» Directions for this task:
Please transcribe the data below exactly. Leave the pictures out.

[Data for analysis — start]

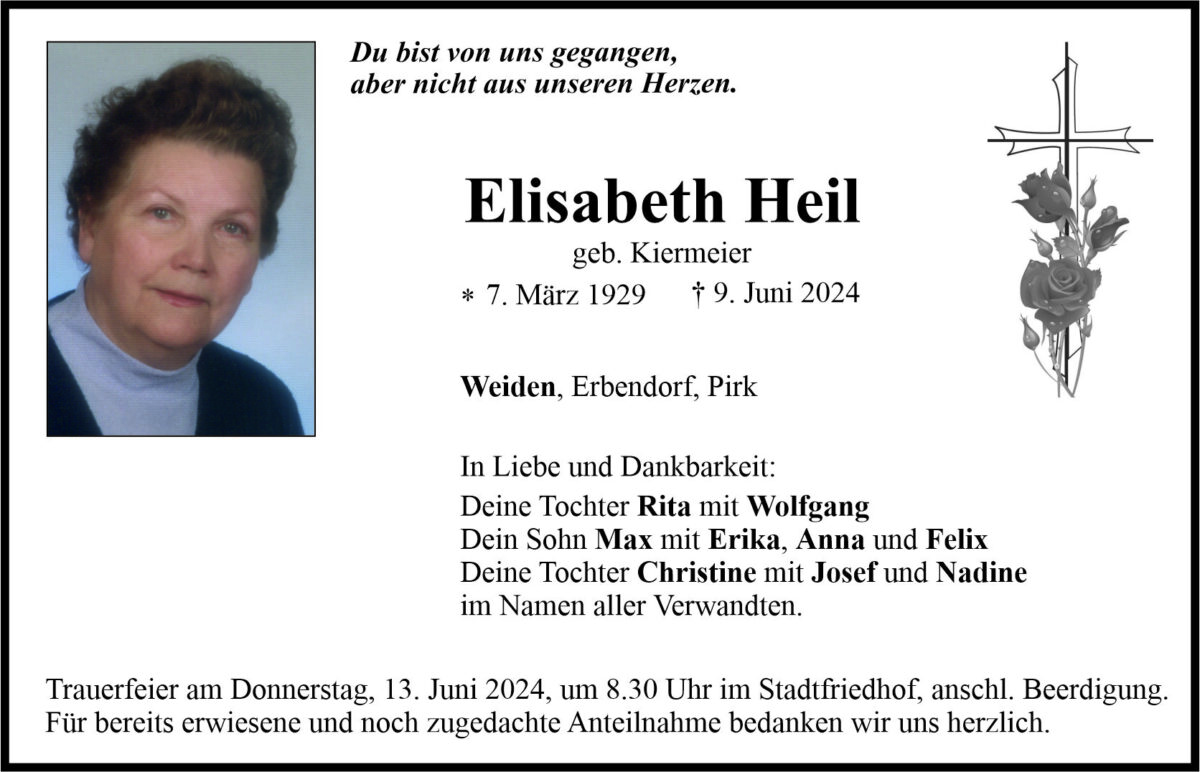 Traueranzeige Elisabeth Heil, Weiden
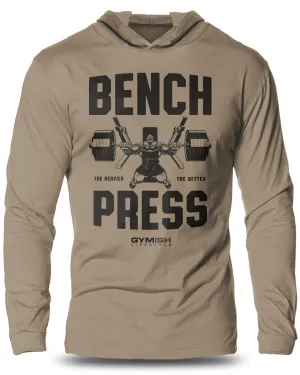 025. Bench Press Lightweight Long Sleeve Hooded T-shirt for Men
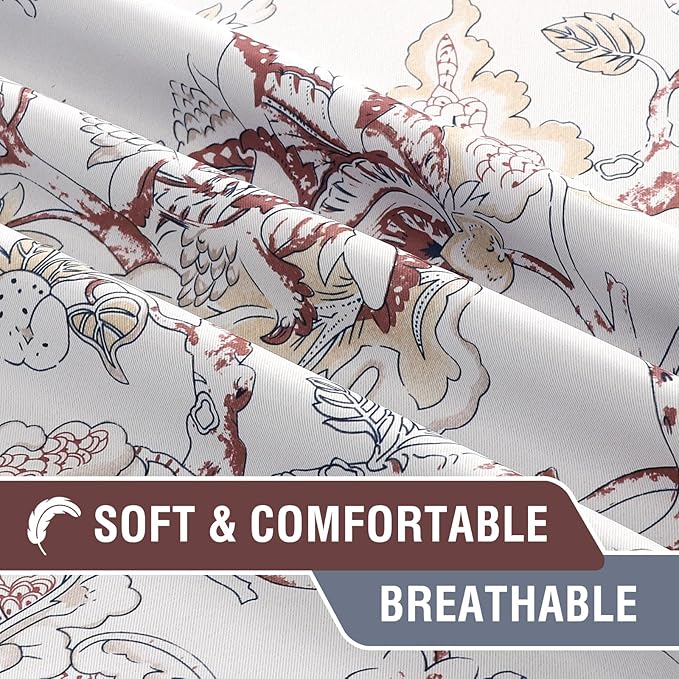 H.VERSAILTEX Blackout Curtain Valances for Kitchen Window/Living Room/Bathroom Privacy Added Rod Pocket Home Decoration Winow Valance, 52" W x 18" L, Floral in Terracotta and Blue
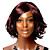  Short Curly Black With Red Wine Hair Wig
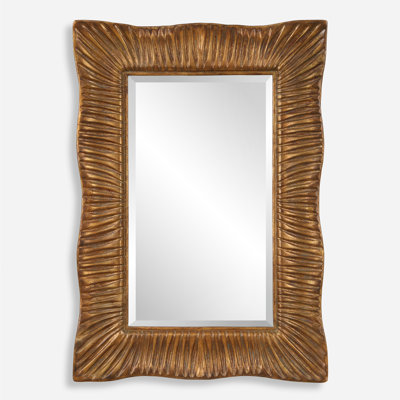Miroir festonné doré antique Caterina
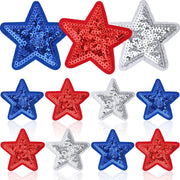 12pcs Christmas Iron on Patches Sequin Embroidered Sew Applique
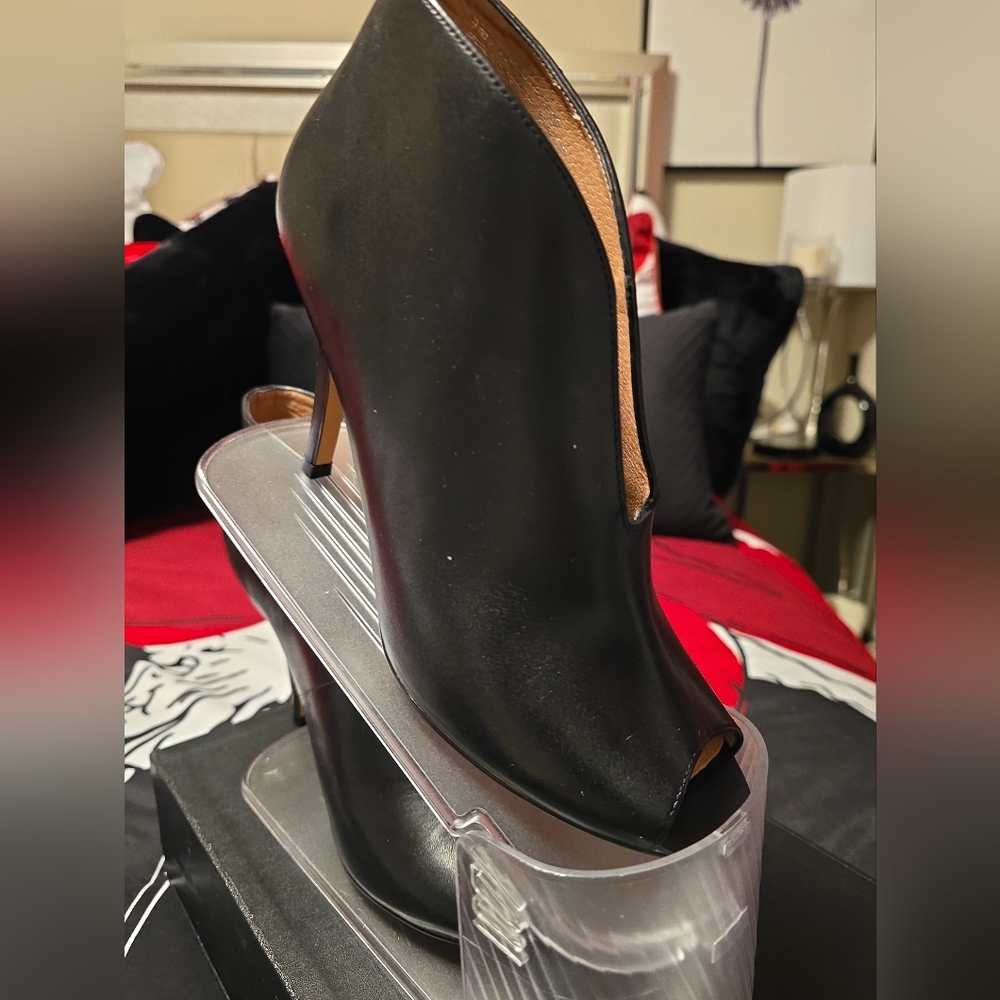 Rowen Black Peep-Toe Heels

[Data for analysis — finish]

» Task response:
 Traueranzeige Elisabeth Heil, Weiden
 025. Bench Press Lightweight Long Sleeve Hooded T-shirt for Men
 H.VERSAILTEX Blackout Curtain Valances for Kitchen Window/Living Room/Bathroom Privacy Added Rod Pocket Home Decoration Winow Valance, 52" W x 18" L, Floral in Terracotta and Blue
  Short Curly Black With Red Wine Hair Wig
Miroir festonné doré antique Caterina
 12pcs Christmas Iron on Patches Sequin Embroidered Sew Applique
 Rowen Black Peep-Toe Heels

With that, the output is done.